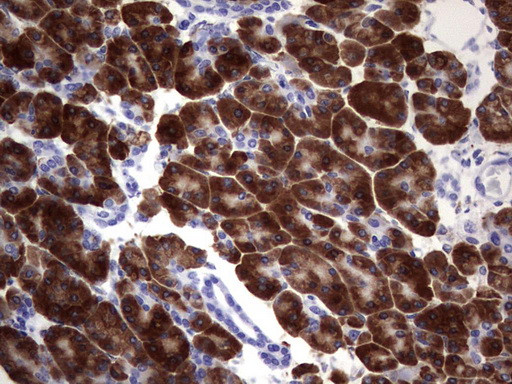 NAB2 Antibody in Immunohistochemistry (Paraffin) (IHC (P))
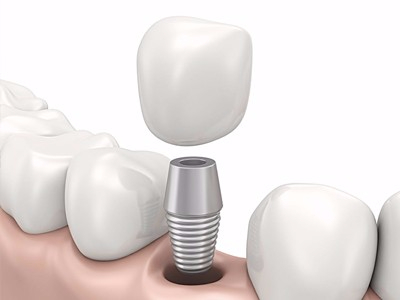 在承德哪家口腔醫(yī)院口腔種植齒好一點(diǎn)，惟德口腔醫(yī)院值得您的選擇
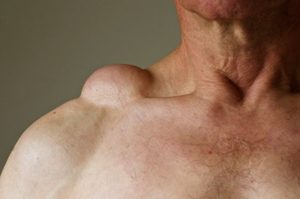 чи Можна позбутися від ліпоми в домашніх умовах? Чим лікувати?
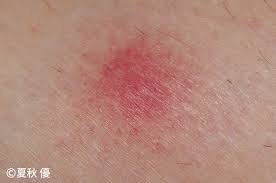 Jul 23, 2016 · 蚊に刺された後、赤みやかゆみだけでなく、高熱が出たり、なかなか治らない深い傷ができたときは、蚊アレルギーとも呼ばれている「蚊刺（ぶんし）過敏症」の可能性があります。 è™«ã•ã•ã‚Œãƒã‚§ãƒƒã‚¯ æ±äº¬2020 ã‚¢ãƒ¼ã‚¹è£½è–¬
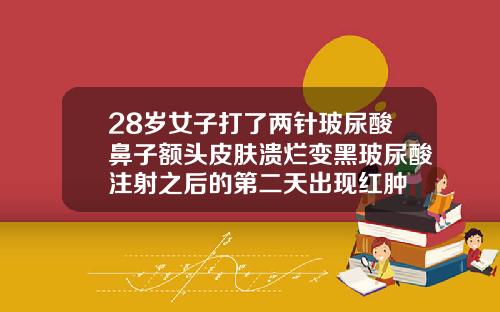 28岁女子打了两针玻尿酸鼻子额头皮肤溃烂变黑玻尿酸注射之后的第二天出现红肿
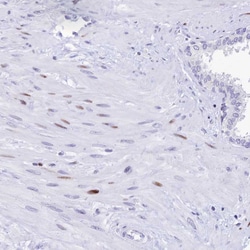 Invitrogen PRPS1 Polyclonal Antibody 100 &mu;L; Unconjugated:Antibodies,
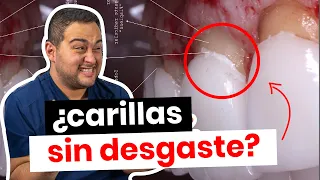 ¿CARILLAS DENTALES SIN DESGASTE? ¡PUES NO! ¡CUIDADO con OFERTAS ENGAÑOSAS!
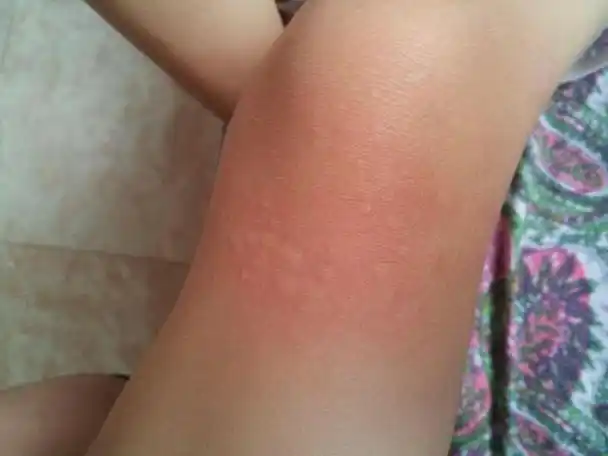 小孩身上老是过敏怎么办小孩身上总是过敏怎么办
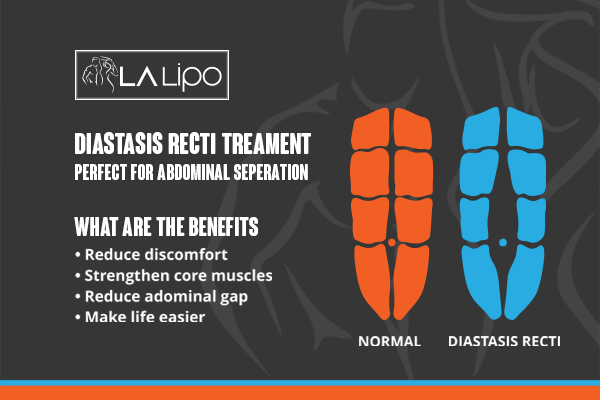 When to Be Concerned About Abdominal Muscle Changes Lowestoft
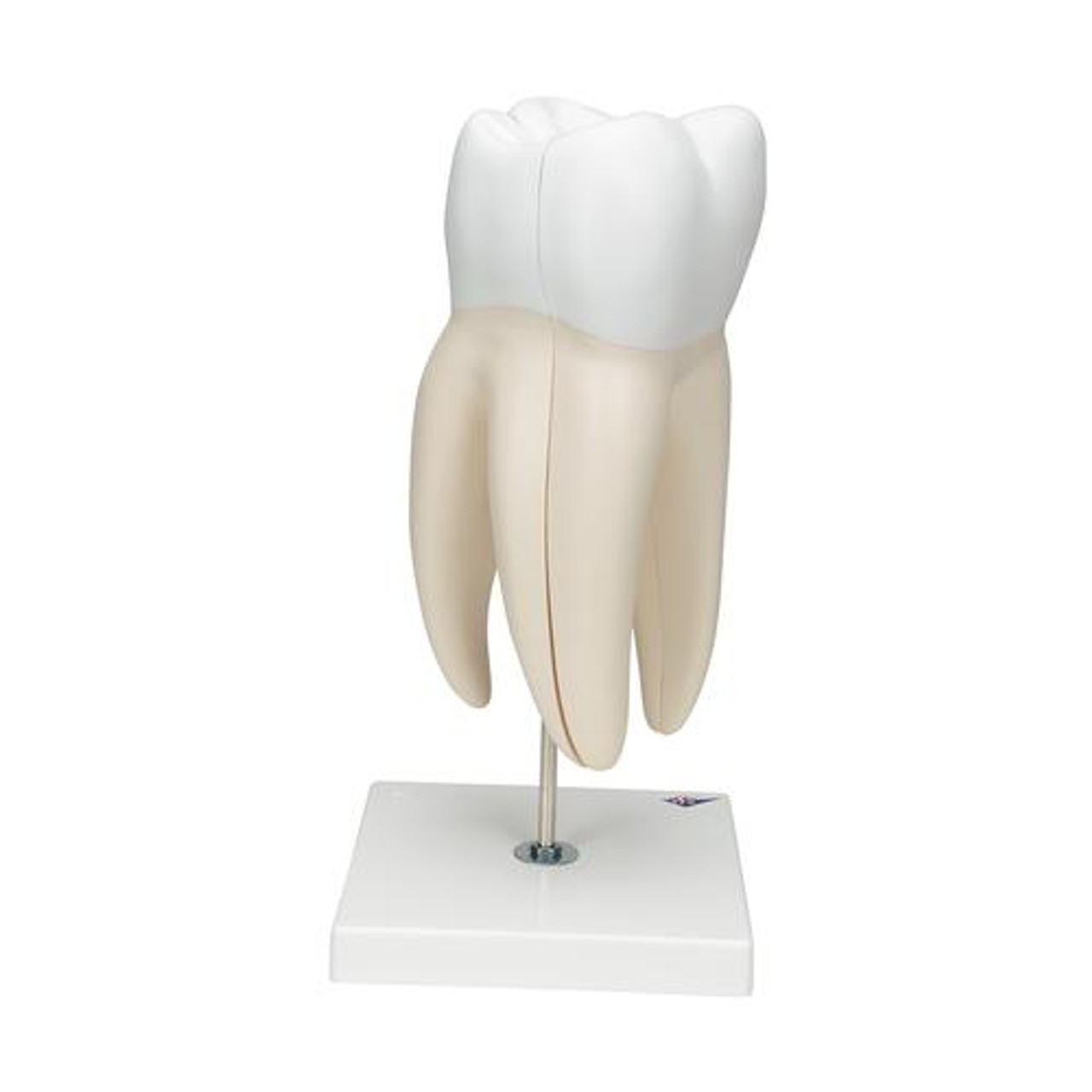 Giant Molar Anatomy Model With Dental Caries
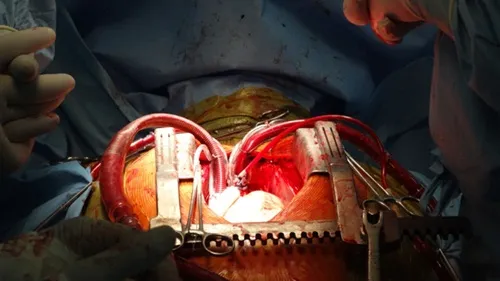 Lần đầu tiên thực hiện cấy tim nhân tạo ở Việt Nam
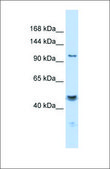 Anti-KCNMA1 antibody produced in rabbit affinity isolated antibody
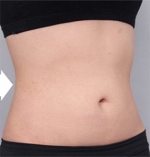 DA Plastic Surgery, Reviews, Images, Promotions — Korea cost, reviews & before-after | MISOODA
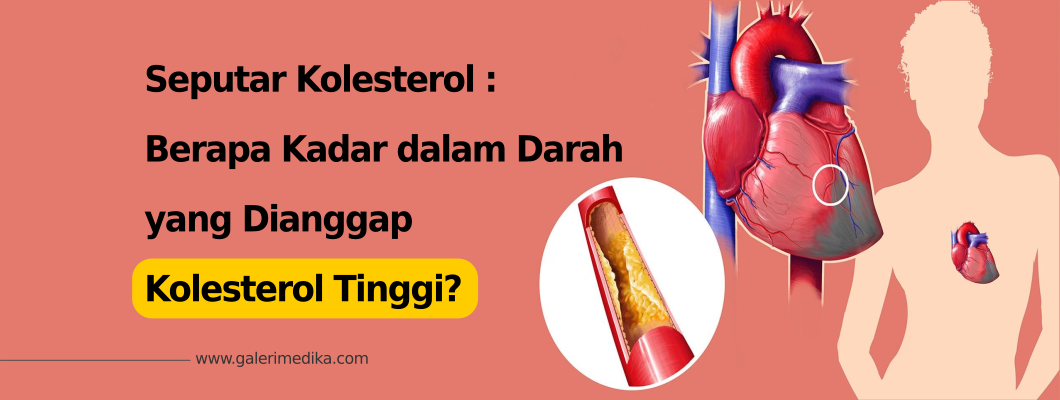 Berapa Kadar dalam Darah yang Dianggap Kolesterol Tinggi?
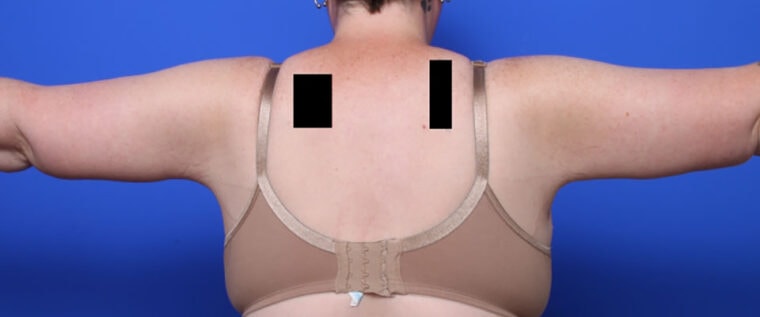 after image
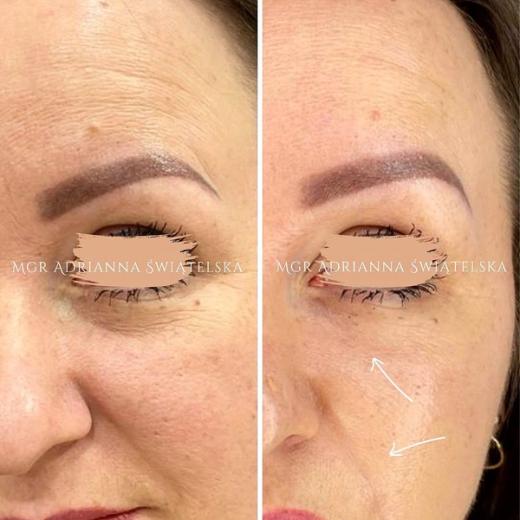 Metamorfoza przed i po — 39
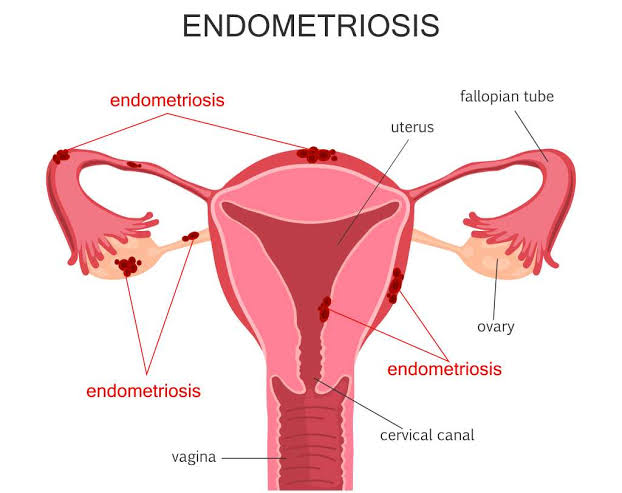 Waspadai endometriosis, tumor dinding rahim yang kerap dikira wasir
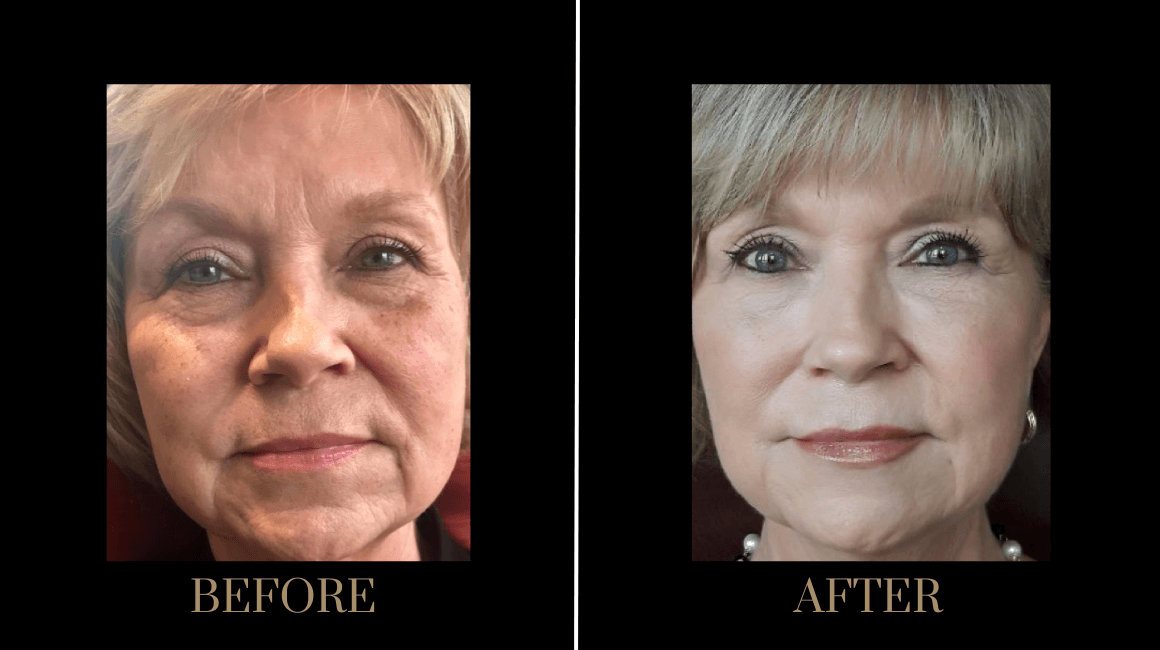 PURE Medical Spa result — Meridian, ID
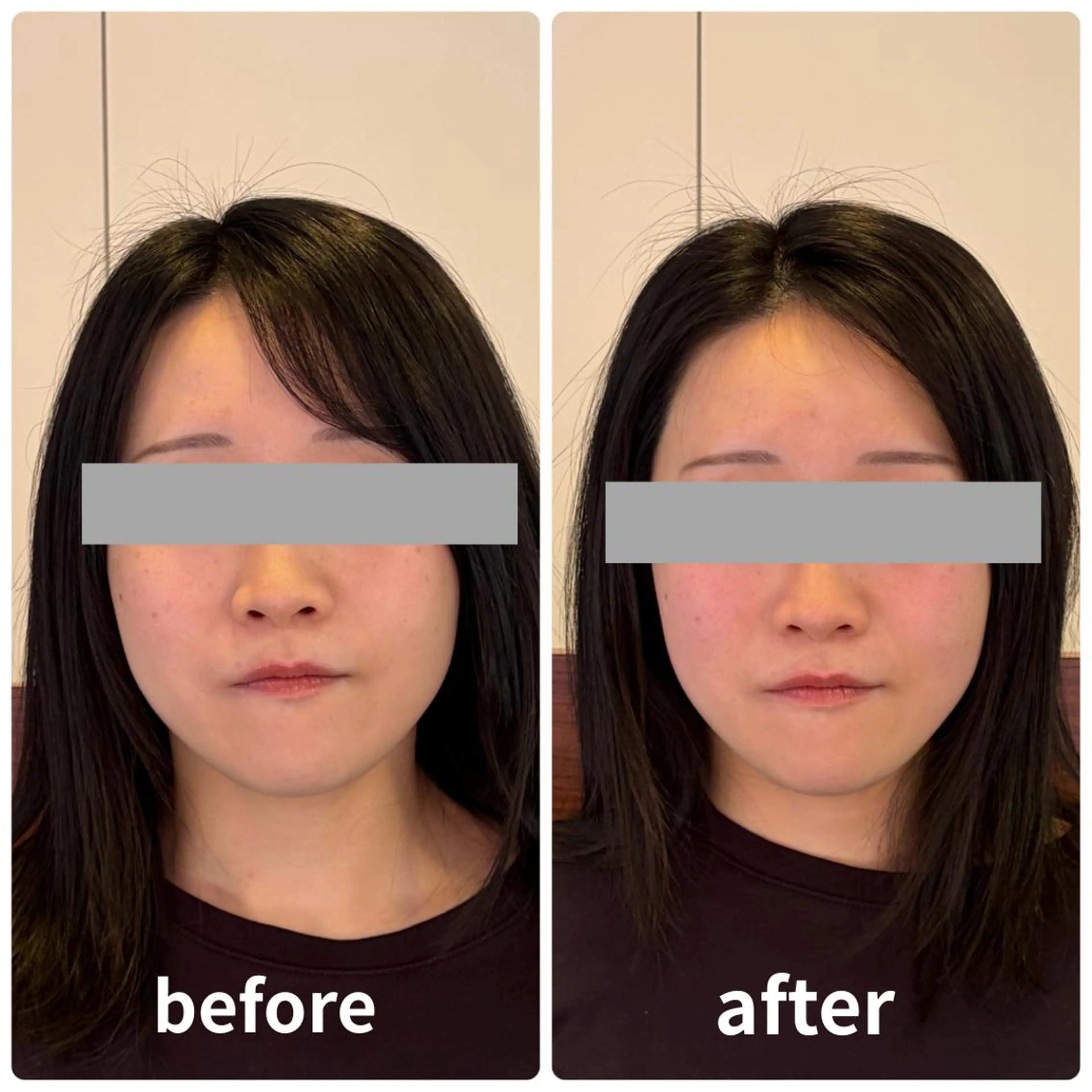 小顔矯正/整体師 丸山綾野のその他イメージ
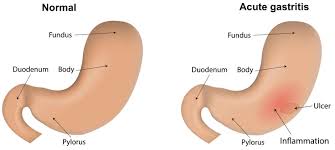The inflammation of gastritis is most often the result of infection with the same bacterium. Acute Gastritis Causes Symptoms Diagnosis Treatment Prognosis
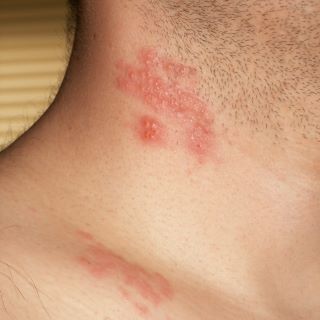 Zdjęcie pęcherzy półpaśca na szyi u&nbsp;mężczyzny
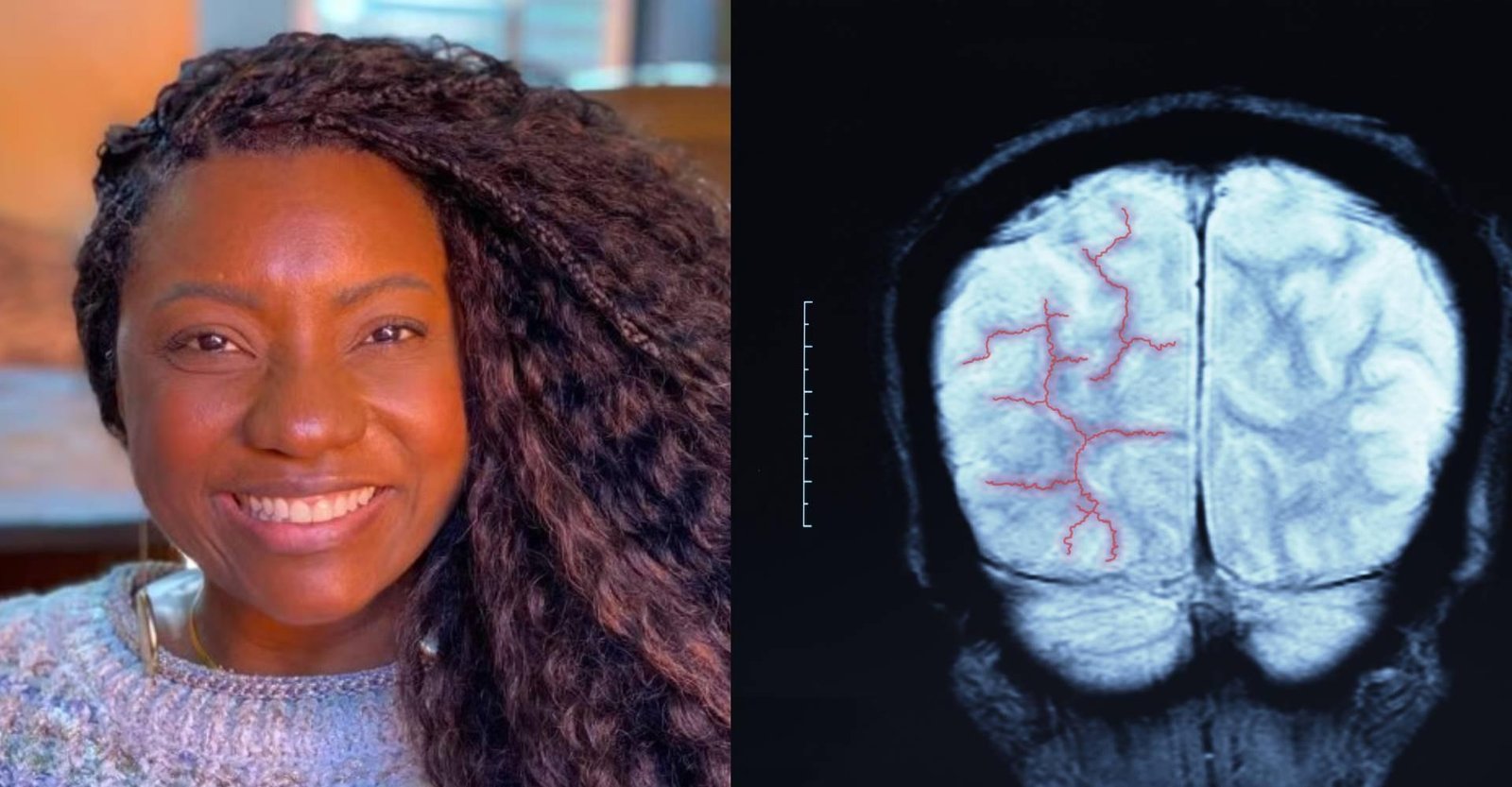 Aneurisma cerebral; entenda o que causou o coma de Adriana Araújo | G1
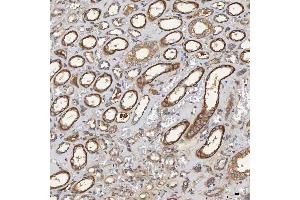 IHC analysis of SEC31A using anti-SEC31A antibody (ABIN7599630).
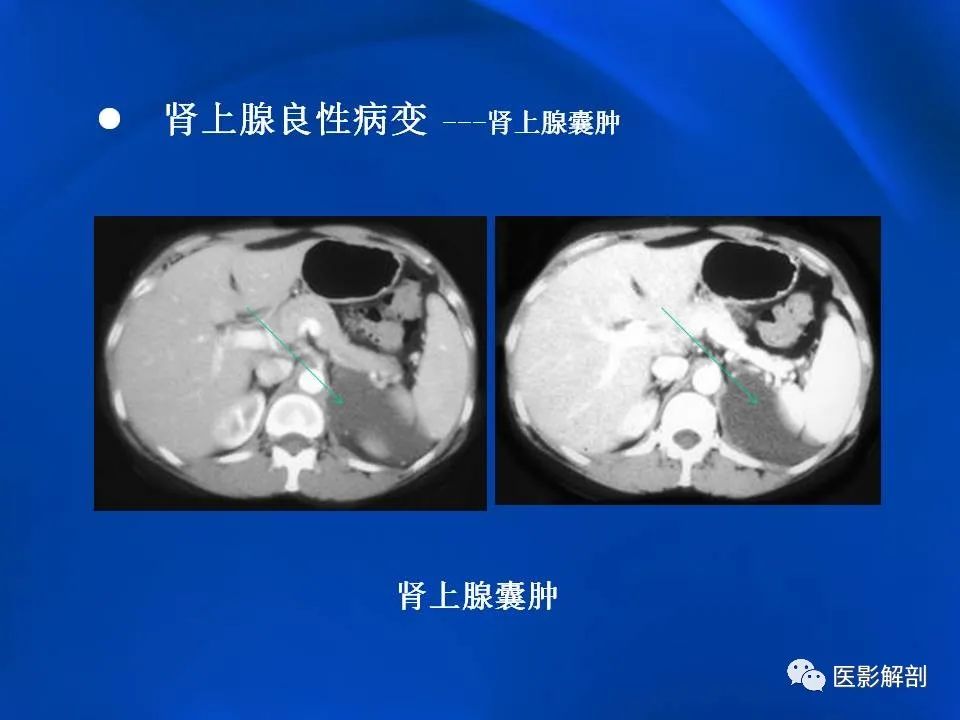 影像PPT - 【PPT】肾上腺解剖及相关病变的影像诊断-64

■ Task goal
Drop the pictures, then transcribe the lines from the one containing "IHC analysis of" to the end of the data above, exactly and nothing more.

■ Answer for this exercise
 IHC analysis of SEC31A using anti-SEC31A antibody (ABIN7599630).
 影像PPT - 【PPT】肾上腺解剖及相关病变的影像诊断-64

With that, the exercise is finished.